政治の行方 第2部・揺れる足元(上) 民進・連合

民進党から希望の党へと変わる鳥取2区立候補予定者の街宣車=3日、米子市内
「小池劇場」組織揺さぶる

   代償と副作用残し迷走

 10日の衆院選公示まで1週間を切った。小池百合子東京都知事らによる「希望の党」結成と野党再編劇で、あらためて政党の在り方が問われている。「政治の行方」第2部は、解散後に揺れた山陰両県の政党や組織の足元を見つめる。

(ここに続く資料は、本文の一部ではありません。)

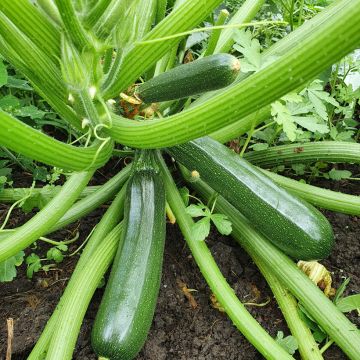 Zucchino Anissa F1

 3日深夜、民進党を出て「立憲民主党」を立ち上げた枝野幸男氏の携帯電話が鳴った。民進党島根県連副代表で島根1区に出馬する予定の亀井亜紀子元参院議員(52)からだった。「そちらに加わらせてください」と吹っ切れた声で切り出すと、枝野氏は「ありがたい」と、受け入れた。


異なる路線選択

 同日夕、希望の党が発表した1次公認名簿に、申請した亀井氏の名前はなかった。民進党の前原誠司代表が小池氏と約束したとされる「全員合流」は履行されなかった。

 予兆はあった。希望の党が、内々定通知として送った憲法改正や安全保障関連法への支持など10項目の政策協定書。9月の代表選で枝野氏に投票し、市民団体と安保法制反対で連携を密にしていた亀井氏には「踏み絵」を迫る文書さえ届かなかった。

 公認発表前日の2日、自身を民進党に導いた玄葉光一郎党総合選挙対策本部長代行から「(名簿入りに)実は苦労している」と電話で告げられた。希望の党との決別から一夜明けた4日朝、立憲民主党からの出馬を正式に表明した。

 自らの信念と異なる路線を一時選択し、希望の党の選別に漏れて「所属政党」が決まった混乱は続く。

 連合島根は公示後に2万5千枚の選挙はがきを有権者に送る予定で、過去の選挙では各単組の宛名書きが終わり、集めている時期だが、カードそのものが出来上がっていない。組合に配れるのは公示日の10日以降になる見込みで、景山誠副事務局長は「選挙本番に向けて厳しい」と漏らす。


「カード返して」

 民進党を離れ、希望の党の公認を得た鳥取2区の湯原俊二元衆院議員(54)が払う代償も小さくない。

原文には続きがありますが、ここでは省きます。